Can a Boolean circuit by itself be considered an algorithm (a single step algorithm if you like)? For instance say you have a simple tree circuit with two AND gates as the input gates feeding a single OR gate for a depth two circuit. Now change the AND gates to XOR gates, is it correct to say that I now have a different algorithm for any given input?
Look at the formal definition of algorithm:
- Algorithms works in discrete time, (step by step), defining computational states for each input.
- Algorithms must be independent of its implementation, and each state must be formally described using first-order structures.
- Transitions from one state to another must take a finite and fixed number of terms in the current state.
Circuits works naturally in this way, so you can make an algorithm from here using high-level descriptions (flow charts, pseudocode) or formal descriptions and of course the implementation will be a circuit.
Have a look at Turing-completeness and the Church-Turing thesis (CT). Basically, CT is saying that everything that is computable, is computable on a Turing machine. Many different models of computation are known to be equivalent to the Turing machine. Even if you are considering something esoteric you came up with yourself, if what you have is Turing-complete, you can claim that you really do have an algorithm.

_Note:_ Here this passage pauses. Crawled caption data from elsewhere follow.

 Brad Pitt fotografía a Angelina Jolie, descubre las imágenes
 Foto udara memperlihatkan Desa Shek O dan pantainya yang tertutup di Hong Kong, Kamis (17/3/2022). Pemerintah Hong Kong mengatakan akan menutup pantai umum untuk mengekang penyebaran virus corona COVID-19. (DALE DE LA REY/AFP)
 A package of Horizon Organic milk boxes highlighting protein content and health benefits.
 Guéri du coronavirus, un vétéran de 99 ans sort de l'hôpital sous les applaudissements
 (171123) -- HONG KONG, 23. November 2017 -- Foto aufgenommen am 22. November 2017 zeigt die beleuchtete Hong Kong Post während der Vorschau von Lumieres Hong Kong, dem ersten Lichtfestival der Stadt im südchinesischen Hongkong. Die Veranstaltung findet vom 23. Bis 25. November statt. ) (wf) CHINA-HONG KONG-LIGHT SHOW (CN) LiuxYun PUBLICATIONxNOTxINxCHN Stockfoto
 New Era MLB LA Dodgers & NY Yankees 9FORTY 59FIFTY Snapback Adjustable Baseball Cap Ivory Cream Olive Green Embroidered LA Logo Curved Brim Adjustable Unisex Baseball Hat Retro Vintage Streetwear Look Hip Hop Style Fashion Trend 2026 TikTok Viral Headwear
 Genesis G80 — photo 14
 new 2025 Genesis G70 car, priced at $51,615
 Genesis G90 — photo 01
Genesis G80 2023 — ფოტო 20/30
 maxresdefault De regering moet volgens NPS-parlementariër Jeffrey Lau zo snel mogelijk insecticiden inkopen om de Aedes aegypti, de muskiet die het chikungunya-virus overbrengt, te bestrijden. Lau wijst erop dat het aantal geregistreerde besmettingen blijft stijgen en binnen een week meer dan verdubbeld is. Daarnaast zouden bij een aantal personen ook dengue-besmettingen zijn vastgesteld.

A circuit is a non-uniform model of computation, meaning that different size circuit compute things for different size inputs. A Turing machine on the other hand is a uniform model, so it's used for all input lengths. Given a Turing machine, one can construct a Boolean circuit that is able to simulate all its computation if we put a bound on the Turing machine's memory. Also, given a circuit, we can build a Turing machine that simulates the circuit.